1A device for cracking nuts.
- ‘But because the ligaments are so tight, the jaws couldn't stretch very far, and soon the ligaments would begin acting like the fulcrum at the hinged end of the nutcracker.’
- ‘The nutcracker is then transformed into a handsome prince who whisks her away to the Kingdom of Sweets, where the Sugar Plum Fairy stages a grand divertissement with them as honoured guests.’
- ‘She knew that he kept a hand nutcracker in his desk drawer and on more occasions then one she had thought about stealing it from the desk.’
- ‘The middle aged motorist shut his eyes and squeezed them like the jaws of a nutcracker.’
- ‘A rope-tow's a generous interpretation of what it really is; it's fondly called a nutcracker because the device that hangs around your waist clamps onto the rope in the same way a nut would be cracked open.’
- ‘That nutcrackers existed in prehistoric times makes sense: nuts were presumably just as nutritious then - and as maddeningly hard to break open without tools - as they are now.’
- ‘Sighing intensely she looked at the first paper trying to inscribe over the walnut oil stains that had been left by Nick's little nutcracker joke.’

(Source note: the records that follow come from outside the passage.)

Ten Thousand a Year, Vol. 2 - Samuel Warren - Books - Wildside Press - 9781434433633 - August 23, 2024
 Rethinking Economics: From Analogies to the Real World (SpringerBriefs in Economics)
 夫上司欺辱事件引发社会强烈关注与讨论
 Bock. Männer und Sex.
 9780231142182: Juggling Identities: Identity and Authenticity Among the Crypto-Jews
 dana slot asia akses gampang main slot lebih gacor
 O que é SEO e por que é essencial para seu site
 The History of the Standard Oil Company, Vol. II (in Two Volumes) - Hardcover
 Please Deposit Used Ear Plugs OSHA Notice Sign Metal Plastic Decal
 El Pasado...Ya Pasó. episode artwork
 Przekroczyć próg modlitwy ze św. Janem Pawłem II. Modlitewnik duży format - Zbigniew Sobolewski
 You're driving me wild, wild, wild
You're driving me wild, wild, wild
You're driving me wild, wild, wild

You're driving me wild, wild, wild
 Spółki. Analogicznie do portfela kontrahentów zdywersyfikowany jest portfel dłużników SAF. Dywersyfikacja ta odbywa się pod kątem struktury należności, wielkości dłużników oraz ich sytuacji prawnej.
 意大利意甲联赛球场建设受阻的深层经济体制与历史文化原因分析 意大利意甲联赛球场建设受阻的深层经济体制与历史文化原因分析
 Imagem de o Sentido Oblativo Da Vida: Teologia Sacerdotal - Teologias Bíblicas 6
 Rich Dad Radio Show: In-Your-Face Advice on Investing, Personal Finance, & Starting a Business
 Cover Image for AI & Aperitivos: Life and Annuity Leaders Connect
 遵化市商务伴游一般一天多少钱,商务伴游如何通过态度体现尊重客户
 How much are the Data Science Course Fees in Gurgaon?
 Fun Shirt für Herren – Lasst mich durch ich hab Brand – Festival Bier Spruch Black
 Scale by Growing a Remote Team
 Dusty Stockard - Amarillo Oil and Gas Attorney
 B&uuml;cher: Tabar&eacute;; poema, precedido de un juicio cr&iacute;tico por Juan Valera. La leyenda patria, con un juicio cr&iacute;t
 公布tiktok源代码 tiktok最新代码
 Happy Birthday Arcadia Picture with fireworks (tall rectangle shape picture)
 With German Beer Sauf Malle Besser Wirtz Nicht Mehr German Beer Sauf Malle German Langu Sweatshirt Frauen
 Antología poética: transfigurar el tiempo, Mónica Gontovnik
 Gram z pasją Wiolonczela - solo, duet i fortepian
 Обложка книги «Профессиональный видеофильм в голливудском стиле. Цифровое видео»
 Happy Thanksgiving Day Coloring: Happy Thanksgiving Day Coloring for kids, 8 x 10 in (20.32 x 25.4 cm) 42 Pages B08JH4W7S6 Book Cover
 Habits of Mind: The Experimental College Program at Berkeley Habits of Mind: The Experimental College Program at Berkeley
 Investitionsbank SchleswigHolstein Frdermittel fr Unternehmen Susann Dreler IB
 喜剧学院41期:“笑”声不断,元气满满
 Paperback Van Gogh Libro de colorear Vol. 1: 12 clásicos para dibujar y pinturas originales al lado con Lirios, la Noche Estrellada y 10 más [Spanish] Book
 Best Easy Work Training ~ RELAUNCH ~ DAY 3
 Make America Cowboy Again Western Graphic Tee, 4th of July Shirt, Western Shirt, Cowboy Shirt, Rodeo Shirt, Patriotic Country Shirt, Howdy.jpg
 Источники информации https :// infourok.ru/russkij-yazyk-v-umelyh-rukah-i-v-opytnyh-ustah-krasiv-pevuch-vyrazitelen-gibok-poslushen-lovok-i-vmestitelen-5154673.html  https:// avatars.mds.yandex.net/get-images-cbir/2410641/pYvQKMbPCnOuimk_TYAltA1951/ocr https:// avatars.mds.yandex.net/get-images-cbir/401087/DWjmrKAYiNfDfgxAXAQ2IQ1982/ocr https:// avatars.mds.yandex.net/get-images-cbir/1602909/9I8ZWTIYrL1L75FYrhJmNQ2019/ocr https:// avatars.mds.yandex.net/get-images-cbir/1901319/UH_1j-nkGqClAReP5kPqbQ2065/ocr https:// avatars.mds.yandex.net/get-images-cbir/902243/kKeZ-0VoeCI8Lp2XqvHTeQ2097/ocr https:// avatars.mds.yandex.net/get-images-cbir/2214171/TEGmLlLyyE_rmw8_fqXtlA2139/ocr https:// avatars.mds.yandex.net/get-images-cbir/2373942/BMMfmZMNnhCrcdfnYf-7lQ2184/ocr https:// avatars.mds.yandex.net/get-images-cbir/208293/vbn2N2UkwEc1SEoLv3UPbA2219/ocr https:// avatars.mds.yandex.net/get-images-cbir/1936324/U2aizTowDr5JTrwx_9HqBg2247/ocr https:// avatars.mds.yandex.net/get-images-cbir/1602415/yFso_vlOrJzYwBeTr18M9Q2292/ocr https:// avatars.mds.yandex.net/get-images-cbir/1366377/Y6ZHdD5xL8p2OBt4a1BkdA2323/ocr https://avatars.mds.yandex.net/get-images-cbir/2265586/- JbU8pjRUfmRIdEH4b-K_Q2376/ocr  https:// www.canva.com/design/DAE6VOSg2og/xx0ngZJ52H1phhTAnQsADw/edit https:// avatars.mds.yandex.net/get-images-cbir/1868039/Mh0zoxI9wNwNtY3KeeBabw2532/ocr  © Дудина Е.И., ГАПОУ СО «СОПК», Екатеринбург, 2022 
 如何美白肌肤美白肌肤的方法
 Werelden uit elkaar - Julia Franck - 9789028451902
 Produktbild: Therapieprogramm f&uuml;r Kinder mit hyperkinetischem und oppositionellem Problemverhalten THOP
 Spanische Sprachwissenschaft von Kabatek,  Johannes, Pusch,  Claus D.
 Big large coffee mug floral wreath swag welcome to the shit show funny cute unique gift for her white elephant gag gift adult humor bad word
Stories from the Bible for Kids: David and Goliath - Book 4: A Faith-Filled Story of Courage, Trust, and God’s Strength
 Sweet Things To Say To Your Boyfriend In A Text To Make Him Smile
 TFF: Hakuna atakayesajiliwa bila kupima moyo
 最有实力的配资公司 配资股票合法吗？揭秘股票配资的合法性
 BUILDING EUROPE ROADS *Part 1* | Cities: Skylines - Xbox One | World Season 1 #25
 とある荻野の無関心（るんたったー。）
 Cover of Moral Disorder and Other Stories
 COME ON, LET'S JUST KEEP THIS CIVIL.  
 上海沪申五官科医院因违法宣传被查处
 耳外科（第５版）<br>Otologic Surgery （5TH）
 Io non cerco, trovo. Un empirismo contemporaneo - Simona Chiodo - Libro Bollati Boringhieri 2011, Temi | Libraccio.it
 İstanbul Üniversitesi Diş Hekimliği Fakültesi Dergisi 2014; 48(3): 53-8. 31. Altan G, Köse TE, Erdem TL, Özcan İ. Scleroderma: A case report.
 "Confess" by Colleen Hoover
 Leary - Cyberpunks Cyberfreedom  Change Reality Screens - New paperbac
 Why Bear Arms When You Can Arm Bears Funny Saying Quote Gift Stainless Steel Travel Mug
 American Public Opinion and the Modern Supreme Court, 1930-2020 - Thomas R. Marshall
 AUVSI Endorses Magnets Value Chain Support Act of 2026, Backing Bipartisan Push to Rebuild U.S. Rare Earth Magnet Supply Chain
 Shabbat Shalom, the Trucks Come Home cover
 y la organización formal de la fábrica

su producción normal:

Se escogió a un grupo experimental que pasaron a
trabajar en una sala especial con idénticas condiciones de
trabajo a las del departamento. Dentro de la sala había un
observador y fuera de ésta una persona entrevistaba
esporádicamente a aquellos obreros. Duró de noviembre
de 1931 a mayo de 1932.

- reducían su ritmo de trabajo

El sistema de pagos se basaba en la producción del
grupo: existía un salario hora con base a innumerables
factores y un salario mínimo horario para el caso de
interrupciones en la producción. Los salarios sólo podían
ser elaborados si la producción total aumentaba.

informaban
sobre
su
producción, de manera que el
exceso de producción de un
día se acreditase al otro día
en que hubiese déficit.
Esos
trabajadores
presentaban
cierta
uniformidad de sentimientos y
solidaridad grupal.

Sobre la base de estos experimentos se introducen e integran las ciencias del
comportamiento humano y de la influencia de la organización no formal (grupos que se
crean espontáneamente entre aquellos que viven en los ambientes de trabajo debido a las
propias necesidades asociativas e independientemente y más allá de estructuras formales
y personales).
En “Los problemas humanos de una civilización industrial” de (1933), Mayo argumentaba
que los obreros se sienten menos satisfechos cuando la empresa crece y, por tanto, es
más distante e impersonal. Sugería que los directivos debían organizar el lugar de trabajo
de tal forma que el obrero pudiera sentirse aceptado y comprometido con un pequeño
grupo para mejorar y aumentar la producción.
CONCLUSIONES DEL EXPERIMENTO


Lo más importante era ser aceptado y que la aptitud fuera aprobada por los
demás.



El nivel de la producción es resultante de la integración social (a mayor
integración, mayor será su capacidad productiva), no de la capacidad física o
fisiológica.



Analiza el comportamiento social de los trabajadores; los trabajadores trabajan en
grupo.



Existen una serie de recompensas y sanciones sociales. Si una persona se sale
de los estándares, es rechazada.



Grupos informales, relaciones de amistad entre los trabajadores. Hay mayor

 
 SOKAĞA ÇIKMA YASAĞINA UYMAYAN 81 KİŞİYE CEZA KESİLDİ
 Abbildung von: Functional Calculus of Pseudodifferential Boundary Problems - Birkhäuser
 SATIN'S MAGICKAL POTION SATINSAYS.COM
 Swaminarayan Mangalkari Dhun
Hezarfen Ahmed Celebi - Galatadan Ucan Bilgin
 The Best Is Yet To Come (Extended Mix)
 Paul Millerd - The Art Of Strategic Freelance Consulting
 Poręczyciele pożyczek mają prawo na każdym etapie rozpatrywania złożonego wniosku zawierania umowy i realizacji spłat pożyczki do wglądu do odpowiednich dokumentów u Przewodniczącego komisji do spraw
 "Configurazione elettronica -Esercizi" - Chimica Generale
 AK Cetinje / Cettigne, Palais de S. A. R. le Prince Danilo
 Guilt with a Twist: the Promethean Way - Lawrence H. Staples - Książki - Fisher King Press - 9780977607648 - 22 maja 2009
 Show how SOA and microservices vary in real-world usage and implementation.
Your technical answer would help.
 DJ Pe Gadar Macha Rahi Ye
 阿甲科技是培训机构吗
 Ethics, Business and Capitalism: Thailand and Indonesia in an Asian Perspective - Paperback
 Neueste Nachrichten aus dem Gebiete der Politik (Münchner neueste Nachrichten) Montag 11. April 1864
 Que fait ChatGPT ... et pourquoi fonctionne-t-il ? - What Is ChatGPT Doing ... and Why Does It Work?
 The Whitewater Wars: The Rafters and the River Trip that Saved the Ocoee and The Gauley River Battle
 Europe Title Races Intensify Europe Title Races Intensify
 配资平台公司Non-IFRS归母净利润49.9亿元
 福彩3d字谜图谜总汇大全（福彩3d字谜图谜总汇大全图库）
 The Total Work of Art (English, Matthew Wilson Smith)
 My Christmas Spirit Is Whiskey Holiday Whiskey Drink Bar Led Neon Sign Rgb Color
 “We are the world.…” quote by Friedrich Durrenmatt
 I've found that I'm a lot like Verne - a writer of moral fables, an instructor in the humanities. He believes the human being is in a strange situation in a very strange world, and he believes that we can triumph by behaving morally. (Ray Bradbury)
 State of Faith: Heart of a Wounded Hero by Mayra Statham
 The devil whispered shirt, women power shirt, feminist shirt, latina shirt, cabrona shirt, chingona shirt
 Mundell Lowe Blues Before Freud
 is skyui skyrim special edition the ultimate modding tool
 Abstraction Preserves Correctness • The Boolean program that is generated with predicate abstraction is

- ‘The collection includes a ferocious Minotaur, the mythical half-human, half-bull, made from welded spoons, nutcrackers and windscreen wipers.’
- ‘This classic tale, with its evergreen Tchaikovsky score, tells the story of a girl who receives a nutcracker as a Christmas gift from her uncle, who is known for his fascination with the enchanted.’
- ‘When I think of my professional life, I think of working inside the angle of a giant, open nutcracker.’
- ‘It's the nut against the nutcracker; the outcome is foreordained.’
- ‘You need a nutcracker, a large bib and a bowl of warm melted butter.’
- ‘There's a Bible story which describes the use of the more gentle nutcracker principle that could be applied to the present situation.’
- ‘This is not a primitive Walkman but a pseudophone, clamped like a nutcracker on the skull of its inventor, psychologist Paul T. Young, Ph.D.’
- ‘Joey stood completely erect with his chin up and his arms pressed against his sides firmly, looking very stiff indeed, like a wooden nutcracker of sorts.’
- ‘All nutcrackers are forbidden on the premises as these items have been found to be a potential security risk and safety hazard in the hands of inadequately trained personnel.’
- ‘Some people get the same pleasure with a nutcracker and a bowl of walnuts, but, believe me, those people are not reading in bed.’
- ‘Generally, a girl, Clara (Mary, Made or Masha in other versions), is given a nutcracker by her godfather, Herr Drosselmeyer, at a Christmas Eve party arranged by her parents.’
- ‘Scarborough Sea Life Centre is building a giant tank to accommodate 12 ‘baby’ Japanese Spider Crabs - whose infant pincers are as big as nutcrackers.’
- ‘Crack about 18 of the apricot stones open with a nutcracker, to get the almonds inside.’
2A crow that feeds on the seeds of conifers, found widely in Eurasia and in western North America.
Genus Nucifraga, family Corvidae: the Eurasian spotted nutcracker (N. caryocatactes), with white-spotted brown plumage, and the North American Clark's nutcracker (N. columbiana), with pale gray and black plumage
- ‘The Clark's nutcracker - which also has a well-developed hippocampus - can pinpoint thousands of scattered food caches up to nine months after storing them.’
- ‘Whitebark pine provides an important food source for grizzlies, Clark's nutcracker, and red squirrels (See ‘Stalwart Species,’ American Forests, Summer 2002.)’
- ‘Balda started studying pinyon jays and Clark's nutcrackers in the late 1960s.’
- ‘The explorers introduced to science Clark's nutcracker and Lewis's woodpecker, as well as the sage grouse and the lesser Canada goose.’
- ‘There are two sub-families: The Corvinae includes crows, ravens, nutcrackers, jackdaws, and rooks, while jays, magpies, and choughs compose the Garrulinae.’